“No, no one said he was dead!” I snapped, more upset than angry. I turned away and again retreated.
Martial law forced the open opposition movement underground. When military repression ensued, the call for armed rebellion was justified. Almost overnight, the label “student activist” was no longer apt. The newspapers were quick to christen the members of the underground movement with new names: subversives, communist insurgents, terrorists, guerrillas, rebels. Yet my personal lexicon remained unchanged; in my mind, they were simply family.

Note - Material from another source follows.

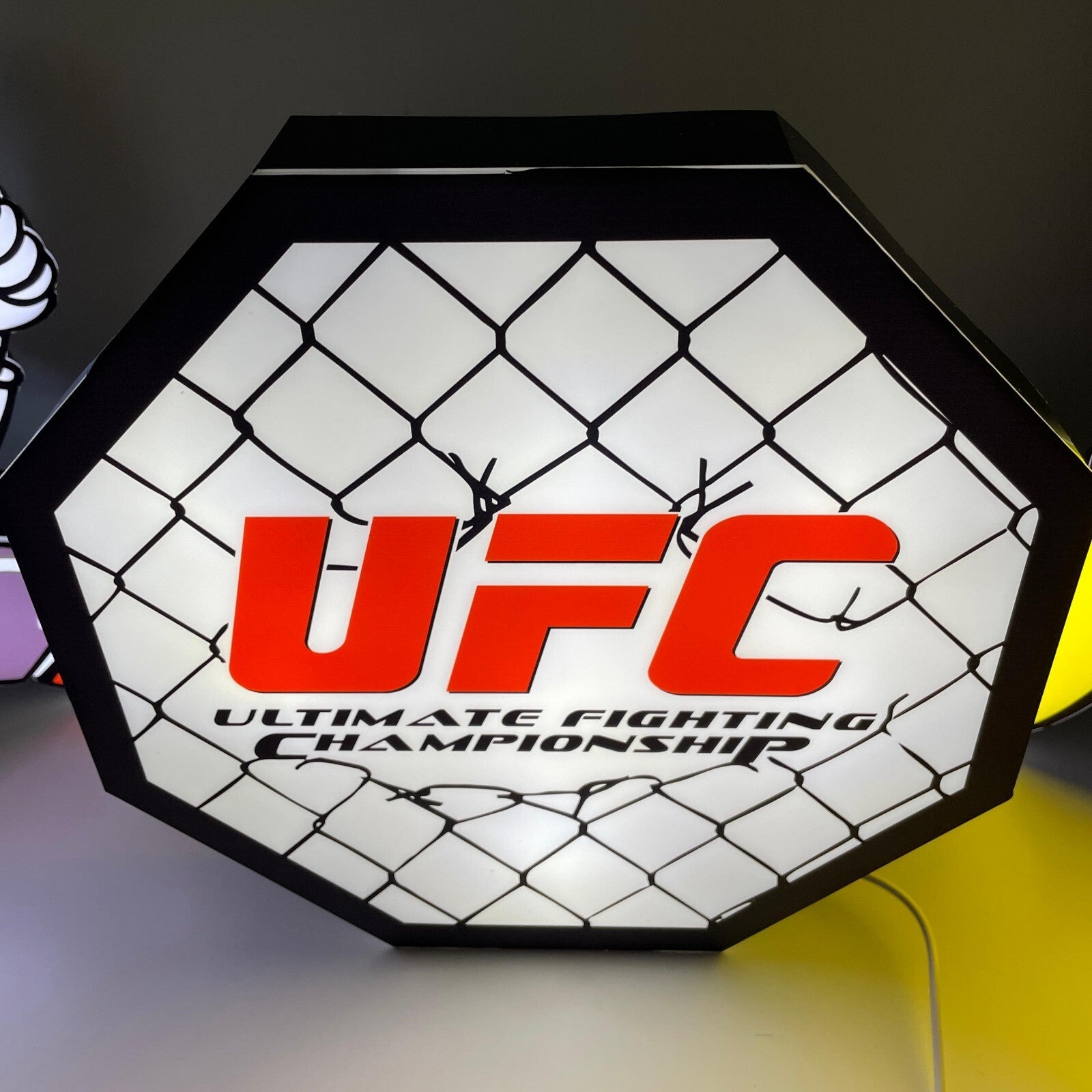 UFC LED Sign Boxing Wrestling Wall Light Decor with USB Pow.Dimmable 18x18 in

Though I was baffled by my siblings’ continued loyalty to the “revolution,” their courage had won my respect. What I could not accept was that this movement, the revolution, had the power to draw its members away from their lives and their families, yet could not care for its own.
Where were the kasama, their comrades-in-arms, when my brothers Jan, Nathan, and Norman were arrested and maltreated by their military captors? Where were the kasama when Jan’s head was repeatedly immersed in a commode filled with urine, when water was injected into his testicles, when his feet were doused, then jabbed with live wire? Our family did not hear from the kasama when Nathan was stripped naked and clubbed until he was nearly unconscious. No assistance was offered when my sister Lillian was missing for weeks and Dad made the rounds of prisons in search of her. Does one cease to be a comrade upon his or her capture? This revolution had stripped my family of any semblance of normalcy. It had promised victory, yet it brought only separation, torture, and now possibly Jun’s death.
“Lulu, I’ll be home in an hour.” It was my nth call to Lulu; she still had not heard from my sisters who had ventured to Nueva Ecija. I refused to worry about their safety; to do so would only add to the day’s futility.
It was nearly 10 o’clock when I arrived home. I was exhausted, though I had spent most of the day idly walking around the UP campus. As usual, Lulu had dinner waiting for me. She said my sisters were not back, nor had they called with news.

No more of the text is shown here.